BEGIN
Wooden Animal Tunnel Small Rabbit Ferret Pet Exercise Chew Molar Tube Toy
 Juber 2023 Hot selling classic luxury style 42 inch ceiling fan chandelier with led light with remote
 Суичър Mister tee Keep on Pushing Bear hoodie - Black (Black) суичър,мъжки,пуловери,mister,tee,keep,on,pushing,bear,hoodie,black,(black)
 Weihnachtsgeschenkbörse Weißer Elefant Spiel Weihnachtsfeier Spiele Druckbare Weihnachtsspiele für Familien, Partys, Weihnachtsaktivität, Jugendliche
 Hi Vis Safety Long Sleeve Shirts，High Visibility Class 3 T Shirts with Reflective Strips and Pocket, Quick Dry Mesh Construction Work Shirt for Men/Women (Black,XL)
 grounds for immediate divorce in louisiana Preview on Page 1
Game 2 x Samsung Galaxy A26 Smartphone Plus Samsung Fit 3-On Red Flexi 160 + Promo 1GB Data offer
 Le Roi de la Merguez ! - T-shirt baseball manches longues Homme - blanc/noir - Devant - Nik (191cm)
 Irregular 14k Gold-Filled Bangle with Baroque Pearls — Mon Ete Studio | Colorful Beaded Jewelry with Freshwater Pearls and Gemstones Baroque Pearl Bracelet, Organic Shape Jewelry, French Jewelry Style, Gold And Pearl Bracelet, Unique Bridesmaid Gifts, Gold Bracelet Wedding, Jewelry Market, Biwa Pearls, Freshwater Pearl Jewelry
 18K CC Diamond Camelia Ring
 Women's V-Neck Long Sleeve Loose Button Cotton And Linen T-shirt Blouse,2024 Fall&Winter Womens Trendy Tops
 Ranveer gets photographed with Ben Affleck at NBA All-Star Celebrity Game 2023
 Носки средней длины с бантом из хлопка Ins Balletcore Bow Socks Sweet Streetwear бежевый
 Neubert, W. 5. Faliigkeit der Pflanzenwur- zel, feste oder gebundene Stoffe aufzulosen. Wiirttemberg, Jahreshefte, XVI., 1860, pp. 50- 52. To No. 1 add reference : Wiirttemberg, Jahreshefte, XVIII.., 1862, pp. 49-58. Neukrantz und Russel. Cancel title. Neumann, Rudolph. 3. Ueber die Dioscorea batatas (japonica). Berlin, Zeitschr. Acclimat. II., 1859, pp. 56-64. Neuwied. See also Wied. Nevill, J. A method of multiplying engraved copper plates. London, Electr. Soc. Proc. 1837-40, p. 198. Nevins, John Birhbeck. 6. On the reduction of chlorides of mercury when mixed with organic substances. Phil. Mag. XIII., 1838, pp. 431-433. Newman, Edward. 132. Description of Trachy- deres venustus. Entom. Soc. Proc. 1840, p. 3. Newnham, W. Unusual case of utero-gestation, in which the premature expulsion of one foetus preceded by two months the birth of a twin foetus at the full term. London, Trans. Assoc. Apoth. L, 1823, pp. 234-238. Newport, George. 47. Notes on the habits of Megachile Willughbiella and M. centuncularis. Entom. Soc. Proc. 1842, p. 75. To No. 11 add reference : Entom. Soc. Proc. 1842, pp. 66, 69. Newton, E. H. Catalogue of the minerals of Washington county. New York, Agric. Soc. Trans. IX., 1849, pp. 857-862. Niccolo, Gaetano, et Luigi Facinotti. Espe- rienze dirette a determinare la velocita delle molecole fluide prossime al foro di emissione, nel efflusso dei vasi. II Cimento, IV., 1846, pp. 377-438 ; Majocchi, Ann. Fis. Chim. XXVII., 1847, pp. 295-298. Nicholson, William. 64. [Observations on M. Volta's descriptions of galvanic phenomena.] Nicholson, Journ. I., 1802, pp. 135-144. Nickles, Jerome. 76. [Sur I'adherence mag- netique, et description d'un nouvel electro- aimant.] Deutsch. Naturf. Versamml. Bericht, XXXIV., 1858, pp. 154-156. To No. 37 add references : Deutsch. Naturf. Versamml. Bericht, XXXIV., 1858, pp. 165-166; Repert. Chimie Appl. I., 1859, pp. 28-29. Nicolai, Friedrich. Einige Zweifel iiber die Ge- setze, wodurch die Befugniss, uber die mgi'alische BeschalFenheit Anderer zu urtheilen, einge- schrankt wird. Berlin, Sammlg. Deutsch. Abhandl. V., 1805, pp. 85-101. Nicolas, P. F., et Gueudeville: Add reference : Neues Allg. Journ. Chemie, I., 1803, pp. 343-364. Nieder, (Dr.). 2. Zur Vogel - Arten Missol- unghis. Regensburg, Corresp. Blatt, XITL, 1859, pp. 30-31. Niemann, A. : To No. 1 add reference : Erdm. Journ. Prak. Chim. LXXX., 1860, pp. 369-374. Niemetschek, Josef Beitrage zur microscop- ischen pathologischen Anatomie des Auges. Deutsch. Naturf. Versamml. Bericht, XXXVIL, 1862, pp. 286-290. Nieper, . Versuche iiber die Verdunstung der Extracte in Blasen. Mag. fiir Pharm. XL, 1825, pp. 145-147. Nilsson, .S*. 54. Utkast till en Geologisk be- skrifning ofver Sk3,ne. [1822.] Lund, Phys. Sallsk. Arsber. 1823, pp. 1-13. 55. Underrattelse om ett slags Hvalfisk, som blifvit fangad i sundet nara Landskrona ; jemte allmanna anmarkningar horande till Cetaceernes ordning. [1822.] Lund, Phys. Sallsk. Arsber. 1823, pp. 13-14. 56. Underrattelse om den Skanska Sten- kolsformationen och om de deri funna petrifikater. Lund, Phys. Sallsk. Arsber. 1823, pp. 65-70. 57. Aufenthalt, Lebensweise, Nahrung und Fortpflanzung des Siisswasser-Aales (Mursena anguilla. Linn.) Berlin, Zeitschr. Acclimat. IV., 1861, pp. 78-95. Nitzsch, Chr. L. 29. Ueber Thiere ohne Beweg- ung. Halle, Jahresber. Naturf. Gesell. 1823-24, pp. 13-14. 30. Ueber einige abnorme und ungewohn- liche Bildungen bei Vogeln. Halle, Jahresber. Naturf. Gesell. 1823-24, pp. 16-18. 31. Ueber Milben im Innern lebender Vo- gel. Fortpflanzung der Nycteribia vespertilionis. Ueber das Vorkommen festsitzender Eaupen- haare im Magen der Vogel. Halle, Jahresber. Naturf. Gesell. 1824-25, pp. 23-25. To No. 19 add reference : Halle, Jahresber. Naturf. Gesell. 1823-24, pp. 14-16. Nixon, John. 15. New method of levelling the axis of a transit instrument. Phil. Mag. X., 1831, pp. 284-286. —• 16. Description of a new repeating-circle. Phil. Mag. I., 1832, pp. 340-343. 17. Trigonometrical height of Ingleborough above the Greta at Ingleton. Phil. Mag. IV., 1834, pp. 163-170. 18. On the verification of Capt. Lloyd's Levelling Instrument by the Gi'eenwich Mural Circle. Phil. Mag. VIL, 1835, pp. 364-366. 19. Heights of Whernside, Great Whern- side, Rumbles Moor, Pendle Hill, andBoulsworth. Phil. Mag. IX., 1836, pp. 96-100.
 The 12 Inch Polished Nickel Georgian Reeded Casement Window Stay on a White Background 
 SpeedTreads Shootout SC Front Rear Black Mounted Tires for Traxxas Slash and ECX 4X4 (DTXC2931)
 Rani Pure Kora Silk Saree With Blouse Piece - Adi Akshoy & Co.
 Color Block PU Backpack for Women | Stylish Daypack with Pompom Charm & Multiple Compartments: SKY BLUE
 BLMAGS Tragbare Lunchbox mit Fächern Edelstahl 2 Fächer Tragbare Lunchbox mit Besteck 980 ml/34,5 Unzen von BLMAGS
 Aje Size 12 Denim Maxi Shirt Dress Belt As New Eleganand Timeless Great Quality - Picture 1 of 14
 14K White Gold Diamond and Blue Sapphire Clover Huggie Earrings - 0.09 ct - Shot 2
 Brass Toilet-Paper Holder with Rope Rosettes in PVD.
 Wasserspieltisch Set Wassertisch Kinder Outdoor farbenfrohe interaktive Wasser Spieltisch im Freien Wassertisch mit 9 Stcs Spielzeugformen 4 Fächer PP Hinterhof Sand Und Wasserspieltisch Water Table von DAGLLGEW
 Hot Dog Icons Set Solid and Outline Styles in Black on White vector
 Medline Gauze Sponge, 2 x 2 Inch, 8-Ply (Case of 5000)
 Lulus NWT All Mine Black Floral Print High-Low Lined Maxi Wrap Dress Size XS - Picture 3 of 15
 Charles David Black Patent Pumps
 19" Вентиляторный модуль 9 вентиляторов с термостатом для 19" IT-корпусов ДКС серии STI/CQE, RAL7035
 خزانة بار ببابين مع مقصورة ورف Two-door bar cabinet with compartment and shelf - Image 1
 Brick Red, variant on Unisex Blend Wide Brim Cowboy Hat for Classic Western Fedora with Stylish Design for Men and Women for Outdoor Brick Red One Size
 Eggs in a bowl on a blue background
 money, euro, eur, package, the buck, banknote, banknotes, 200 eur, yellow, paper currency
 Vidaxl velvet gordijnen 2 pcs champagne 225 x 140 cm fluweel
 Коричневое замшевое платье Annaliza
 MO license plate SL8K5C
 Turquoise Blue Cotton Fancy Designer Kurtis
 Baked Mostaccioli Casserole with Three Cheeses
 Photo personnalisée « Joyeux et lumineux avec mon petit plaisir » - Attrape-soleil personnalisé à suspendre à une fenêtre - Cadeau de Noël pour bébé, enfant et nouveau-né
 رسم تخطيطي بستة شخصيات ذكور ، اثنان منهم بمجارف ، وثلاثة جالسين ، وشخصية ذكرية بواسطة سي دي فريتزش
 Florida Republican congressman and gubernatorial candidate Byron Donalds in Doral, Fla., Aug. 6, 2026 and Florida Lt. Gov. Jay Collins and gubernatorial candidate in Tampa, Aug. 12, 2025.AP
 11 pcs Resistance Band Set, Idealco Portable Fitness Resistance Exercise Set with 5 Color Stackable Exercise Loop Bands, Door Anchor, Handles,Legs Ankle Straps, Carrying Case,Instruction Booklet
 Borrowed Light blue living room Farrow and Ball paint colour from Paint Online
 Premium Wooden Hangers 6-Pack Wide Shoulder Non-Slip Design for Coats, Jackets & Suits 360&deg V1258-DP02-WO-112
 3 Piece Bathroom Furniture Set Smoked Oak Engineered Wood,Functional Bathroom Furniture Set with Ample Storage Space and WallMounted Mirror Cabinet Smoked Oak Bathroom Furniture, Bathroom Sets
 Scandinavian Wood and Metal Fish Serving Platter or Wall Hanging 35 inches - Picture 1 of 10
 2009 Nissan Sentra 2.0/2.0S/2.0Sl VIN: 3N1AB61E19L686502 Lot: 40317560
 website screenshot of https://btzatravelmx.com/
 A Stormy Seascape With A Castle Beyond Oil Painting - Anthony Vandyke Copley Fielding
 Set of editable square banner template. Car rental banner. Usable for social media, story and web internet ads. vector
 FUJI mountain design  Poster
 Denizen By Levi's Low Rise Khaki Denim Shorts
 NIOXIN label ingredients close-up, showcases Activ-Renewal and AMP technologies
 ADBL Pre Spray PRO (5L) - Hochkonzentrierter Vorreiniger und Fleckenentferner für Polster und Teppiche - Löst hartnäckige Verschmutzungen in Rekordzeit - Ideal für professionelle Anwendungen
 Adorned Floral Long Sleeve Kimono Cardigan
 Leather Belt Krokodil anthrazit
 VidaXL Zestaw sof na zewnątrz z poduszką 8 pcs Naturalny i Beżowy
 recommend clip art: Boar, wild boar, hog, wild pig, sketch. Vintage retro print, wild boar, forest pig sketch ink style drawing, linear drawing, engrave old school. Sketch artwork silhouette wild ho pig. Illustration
END
Instructions for the task - Give again, exactly as written, the lines running from the first line of the data above through the line that contains "Le Roi de la".

Response to the exercise -
Wooden Animal Tunnel Small Rabbit Ferret Pet Exercise Chew Molar Tube Toy
 Juber 2023 Hot selling classic luxury style 42 inch ceiling fan chandelier with led light with remote
 Суичър Mister tee Keep on Pushing Bear hoodie - Black (Black) суичър,мъжки,пуловери,mister,tee,keep,on,pushing,bear,hoodie,black,(black)
 Weihnachtsgeschenkbörse Weißer Elefant Spiel Weihnachtsfeier Spiele Druckbare Weihnachtsspiele für Familien, Partys, Weihnachtsaktivität, Jugendliche
 Hi Vis Safety Long Sleeve Shirts，High Visibility Class 3 T Shirts with Reflective Strips and Pocket, Quick Dry Mesh Construction Work Shirt for Men/Women (Black,XL)
 grounds for immediate divorce in louisiana Preview on Page 1
Game 2 x Samsung Galaxy A26 Smartphone Plus Samsung Fit 3-On Red Flexi 160 + Promo 1GB Data offer
 Le Roi de la Merguez ! - T-shirt baseball manches longues Homme - blanc/noir - Devant - Nik (191cm)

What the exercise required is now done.